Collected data

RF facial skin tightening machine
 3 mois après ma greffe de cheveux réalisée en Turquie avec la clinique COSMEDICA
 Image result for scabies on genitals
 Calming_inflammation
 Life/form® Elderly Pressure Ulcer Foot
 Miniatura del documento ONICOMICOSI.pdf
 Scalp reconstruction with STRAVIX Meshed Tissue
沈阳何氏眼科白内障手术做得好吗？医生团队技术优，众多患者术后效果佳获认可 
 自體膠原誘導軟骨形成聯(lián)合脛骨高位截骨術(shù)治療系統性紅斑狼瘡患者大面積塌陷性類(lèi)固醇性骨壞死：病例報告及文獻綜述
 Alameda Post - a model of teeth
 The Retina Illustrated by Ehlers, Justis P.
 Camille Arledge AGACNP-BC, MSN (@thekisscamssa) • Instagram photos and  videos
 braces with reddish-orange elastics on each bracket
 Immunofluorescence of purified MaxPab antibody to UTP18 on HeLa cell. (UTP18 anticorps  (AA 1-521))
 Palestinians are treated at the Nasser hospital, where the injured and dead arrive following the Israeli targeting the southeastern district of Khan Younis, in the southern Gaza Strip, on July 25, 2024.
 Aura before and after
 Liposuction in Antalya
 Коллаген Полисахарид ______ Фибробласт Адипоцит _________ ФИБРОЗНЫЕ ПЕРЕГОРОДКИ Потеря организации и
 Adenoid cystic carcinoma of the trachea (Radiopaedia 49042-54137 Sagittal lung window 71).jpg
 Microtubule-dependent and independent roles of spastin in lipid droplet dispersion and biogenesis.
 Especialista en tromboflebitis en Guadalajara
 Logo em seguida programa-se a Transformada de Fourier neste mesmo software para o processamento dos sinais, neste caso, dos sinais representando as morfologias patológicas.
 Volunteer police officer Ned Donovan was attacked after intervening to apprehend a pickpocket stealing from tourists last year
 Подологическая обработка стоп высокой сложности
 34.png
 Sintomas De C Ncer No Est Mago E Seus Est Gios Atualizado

WHAT YOU NEED TO DO:
Print all of the records, leaving each one exactly as it appears above.

TASK SOLUTION:
RF facial skin tightening machine
 3 mois après ma greffe de cheveux réalisée en Turquie avec la clinique COSMEDICA
 Image result for scabies on genitals
 Calming_inflammation
 Life/form® Elderly Pressure Ulcer Foot
 Miniatura del documento ONICOMICOSI.pdf
 Scalp reconstruction with STRAVIX Meshed Tissue
沈阳何氏眼科白内障手术做得好吗？医生团队技术优，众多患者术后效果佳获认可 
 自體膠原誘導軟骨形成聯(lián)合脛骨高位截骨術(shù)治療系統性紅斑狼瘡患者大面積塌陷性類(lèi)固醇性骨壞死：病例報告及文獻綜述
 Alameda Post - a model of teeth
 The Retina Illustrated by Ehlers, Justis P.
 Camille Arledge AGACNP-BC, MSN (@thekisscamssa) • Instagram photos and  videos
 braces with reddish-orange elastics on each bracket
 Immunofluorescence of purified MaxPab antibody to UTP18 on HeLa cell. (UTP18 anticorps  (AA 1-521))
 Palestinians are treated at the Nasser hospital, where the injured and dead arrive following the Israeli targeting the southeastern district of Khan Younis, in the southern Gaza Strip, on July 25, 2024.
 Aura before and after
 Liposuction in Antalya
 Коллаген Полисахарид ______ Фибробласт Адипоцит _________ ФИБРОЗНЫЕ ПЕРЕГОРОДКИ Потеря организации и
 Adenoid cystic carcinoma of the trachea (Radiopaedia 49042-54137 Sagittal lung window 71).jpg
 Microtubule-dependent and independent roles of spastin in lipid droplet dispersion and biogenesis.
 Especialista en tromboflebitis en Guadalajara
 Logo em seguida programa-se a Transformada de Fourier neste mesmo software para o processamento dos sinais, neste caso, dos sinais representando as morfologias patológicas.
 Volunteer police officer Ned Donovan was attacked after intervening to apprehend a pickpocket stealing from tourists last year
 Подологическая обработка стоп высокой сложности
 34.png
 Sintomas De C Ncer No Est Mago E Seus Est Gios Atualizado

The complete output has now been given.